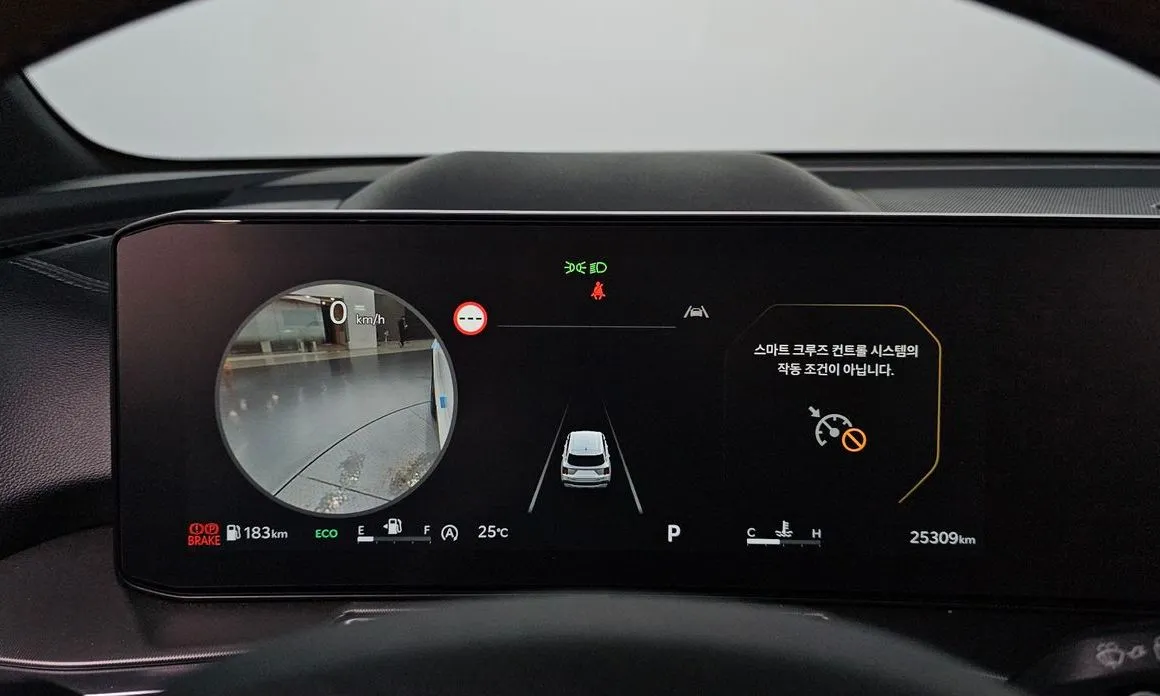 Kia Sorento — фото 2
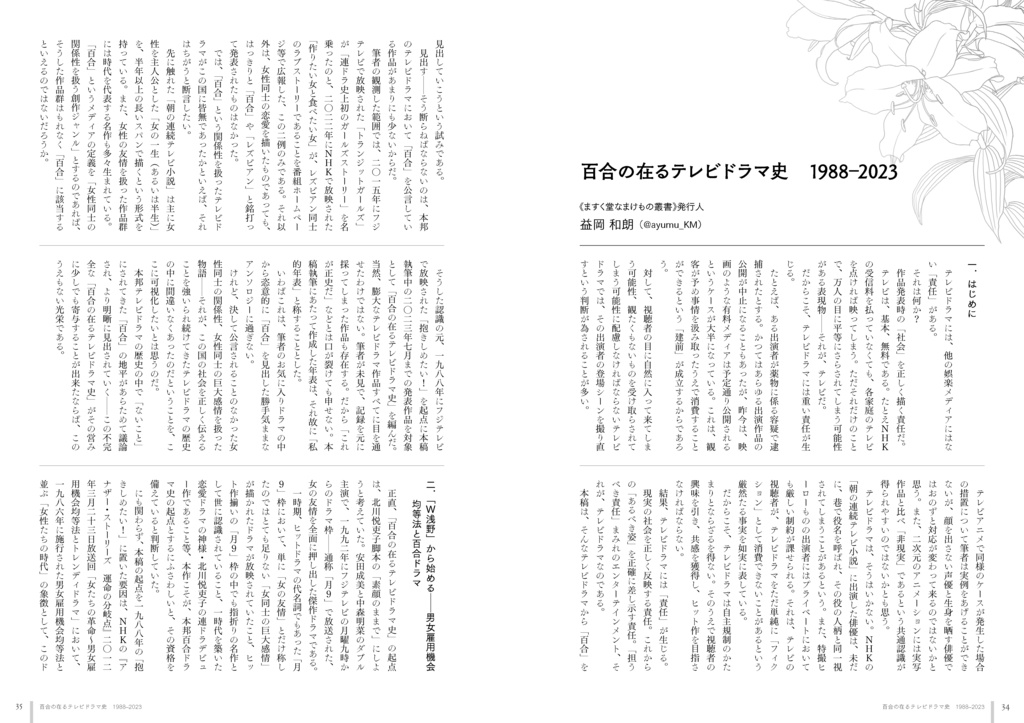 百合論考 vol.01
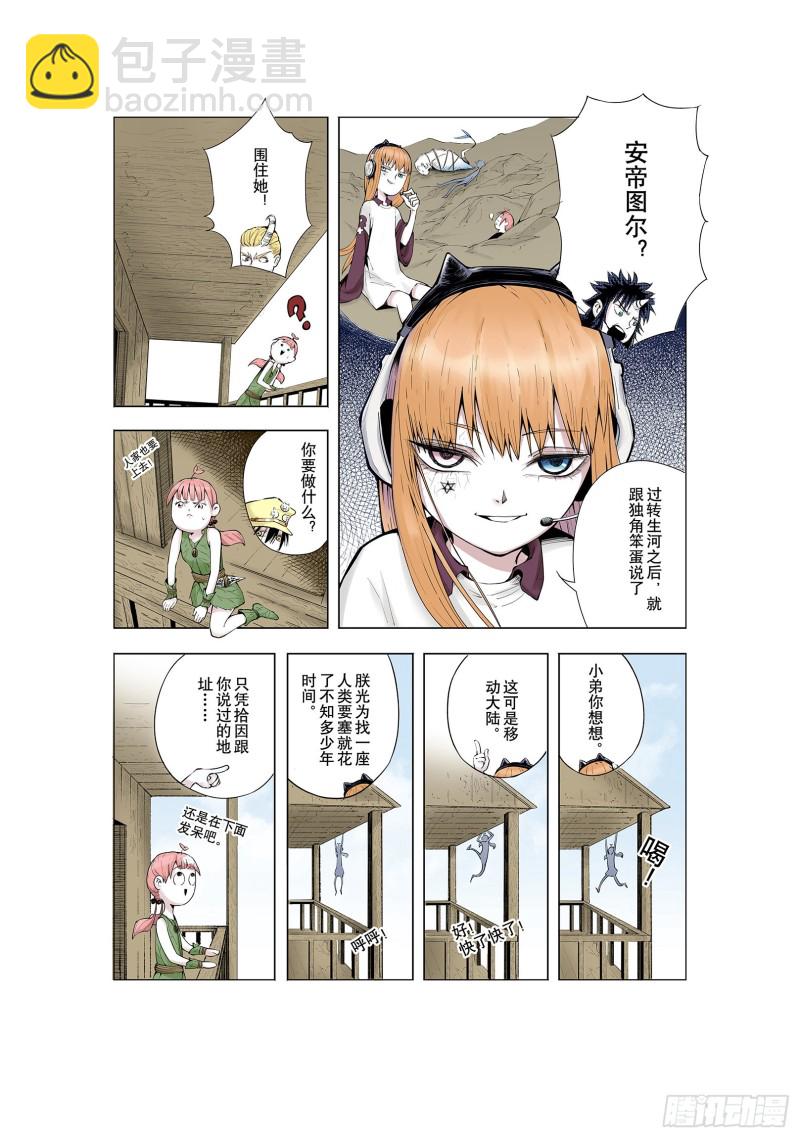 第66话 往昔故人-第67话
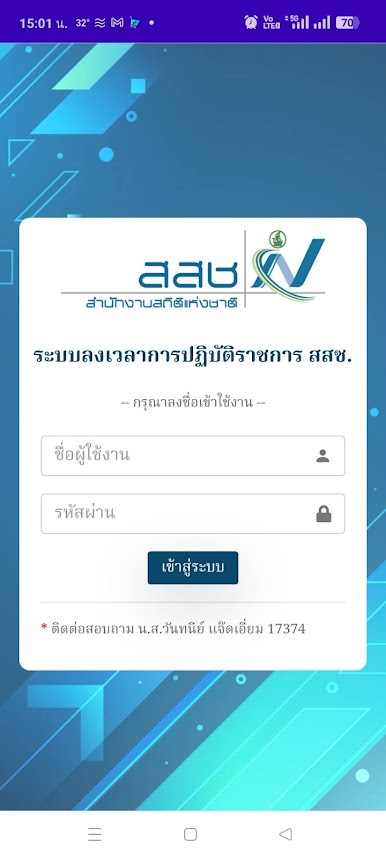 https://cdn-icon.bluestacks.com/p50fmzGVjt-_-nISb1Gmr_8ODos7q6IQKx2JXYxsDE-zTZVUk9-HaRsEbXjtEkzB8YgauTvdoxsEYOIoTd9O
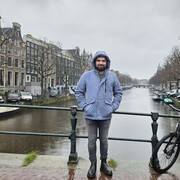 ���������� ����, ���� ������� Emil, 35 ���, ������������ ��� ������, ����� � ���������, c�������� ���������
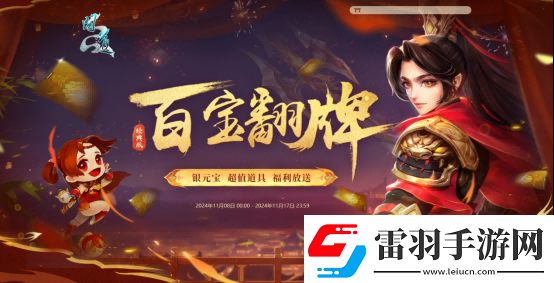 超值道具翻不停！問道11月經(jīng)典版百寶翻牌明日開啟！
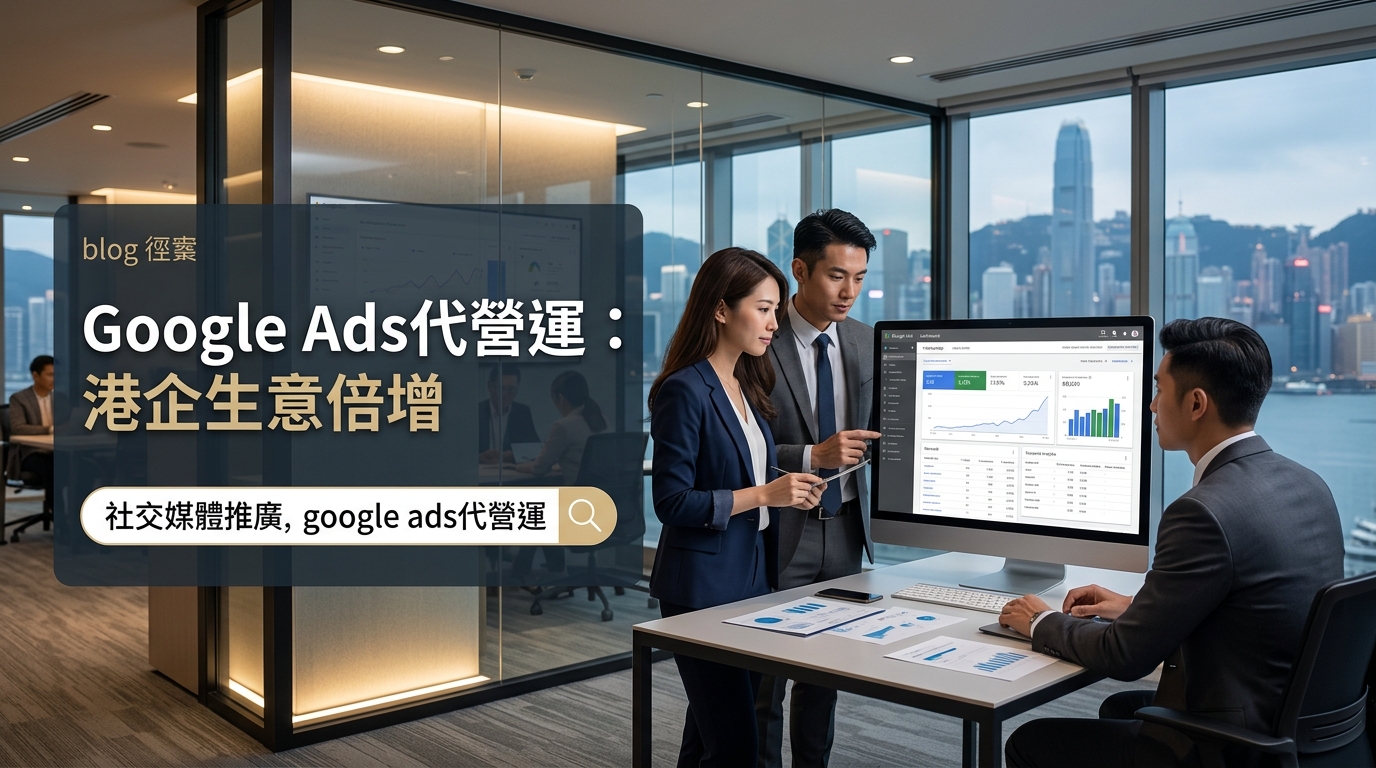 Google Ads代營運：港企生意倍增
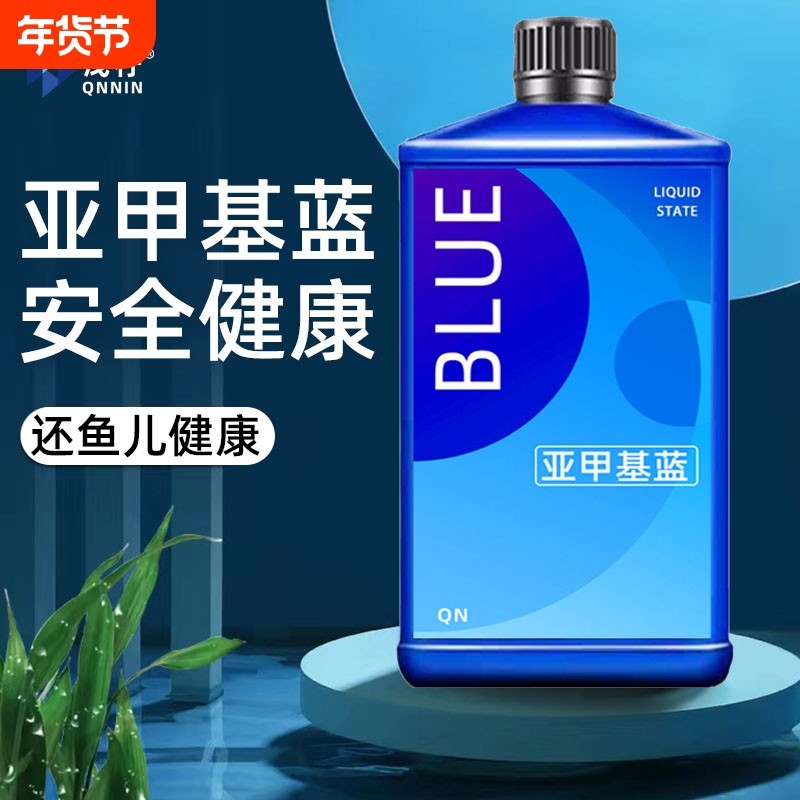亚甲基蓝鱼缸水族专用净水水质清澈剂观赏鱼蓝细菌硝化,宠物/宠物食品及用品,鱼缸水质稳定剂,淘宝优惠券,粉丝福利购,淘宝优惠卷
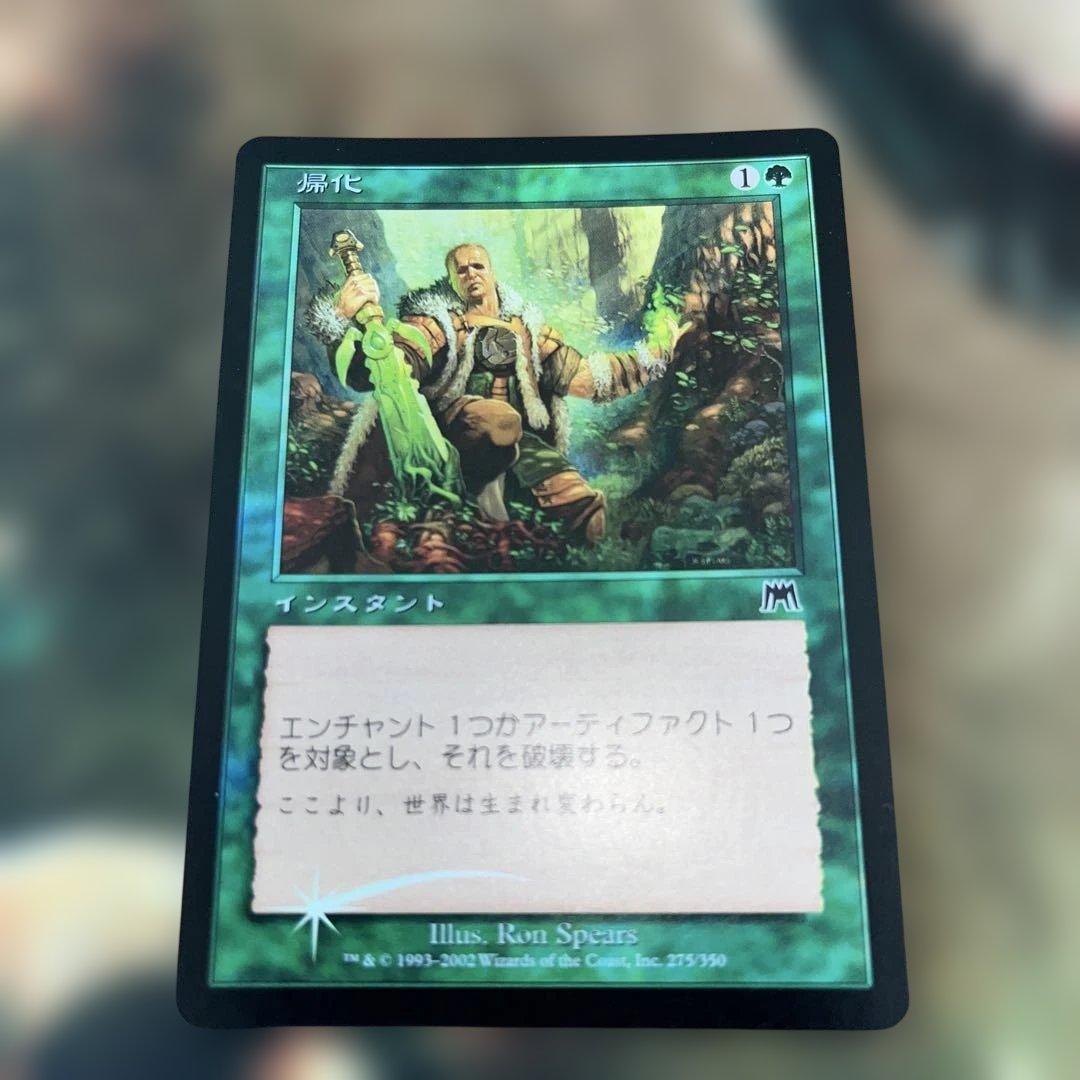 MTG 帰化/Naturalize ONS JPG foil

ACTIVITY :: Write out the data above precisely. Pictures stay out.

SOLUTION TO THIS EXERCISE ::
 Kia Sorento — фото 2
 百合論考 vol.01
 第66话 往昔故人-第67话
 https://cdn-icon.bluestacks.com/p50fmzGVjt-_-nISb1Gmr_8ODos7q6IQKx2JXYxsDE-zTZVUk9-HaRsEbXjtEkzB8YgauTvdoxsEYOIoTd9O
 ���������� ����, ���� ������� Emil, 35 ���, ������������ ��� ������, ����� � ���������, c�������� ���������
 超值道具翻不停！問道11月經(jīng)典版百寶翻牌明日開啟！
 Google Ads代營運：港企生意倍增
亚甲基蓝鱼缸水族专用净水水质清澈剂观赏鱼蓝细菌硝化,宠物/宠物食品及用品,鱼缸水质稳定剂,淘宝优惠券,粉丝福利购,淘宝优惠卷
 MTG 帰化/Naturalize ONS JPG foil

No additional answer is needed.